One day in 1984, the stars aligned when Ho stumbled upon a vast coastal property on Bang Tao Bay in Phuket, Thailand. According to the company’s official statement, he decided to purchase more than 550 acres of land, but the land turned out to be an abandoned tin mine.
After years of restoration, Ho worked with his wife and brother, an architect, to design and develop several hotels and resorts on the property. Asia’s first integrated resort, Laguna Phuket, opened in 1987, according to a statement.
“The first hotel was designed by us and managed by a Thai company. The second hotel was managed by Sheraton, followed by the third and fourth,” Ho said. Ta. “And the last piece of land didn’t have a beach, so no one wanted to manage it.”
“Then a light bulb went off and I said, ‘Well, no one wants to manage it, so why not start our own brand?'”
Aerial view of banyan trees in Phuket, Thailand.
Provided by Bunyan Group.
To compensate for the lack of beaches, Ho decided to build private villas, each with its own pool.
“This was 30 years ago, so the concept of an ‘all pool villa’ hotel didn’t exist. We were also the pioneers of the ‘tropical spa,'” he said.
In 1994, the group’s flagship luxury resort, Banyan Tree Phuket, opened, including the first Banyan Tree Spa.

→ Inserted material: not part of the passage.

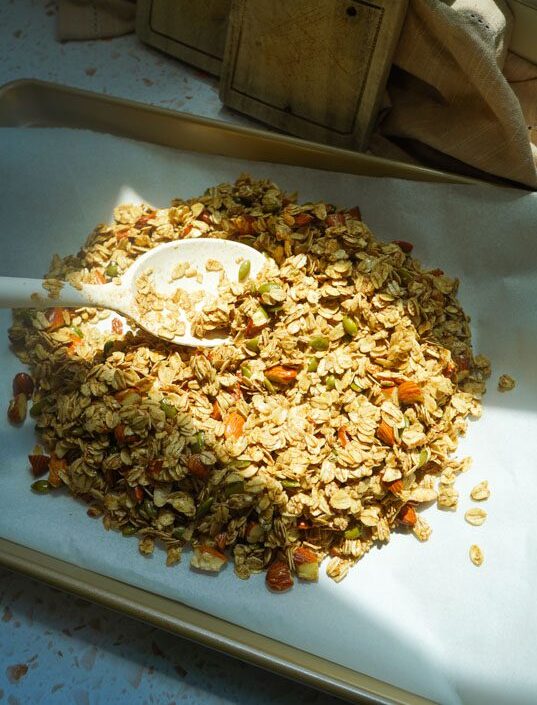 Homemade honey roasted almond granola spread on a parchment-lined baking sheet before baking.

The name was inspired by the blissful days Ho spent with his wife at Banyan Tree Bay in Hong Kong.
“Innovation didn’t fall out of the sky…it was a response to a need,” he said.
According to a statement from the company, Banyan Tree Holdings Limited was listed on the Singapore Stock Exchange in 2006, and Banyan Group was launched in 2024 as the umbrella brand for the multi-brand portfolio.
“People ask me if I’m sold, and I say, ‘No, I’ve grown up. I can’t do what I was doing forever. I can’t go to prison forever. And you’re not effective,” Ho said. “But I think what we wanted to do in terms of social change is really happening through Banyan Tree.”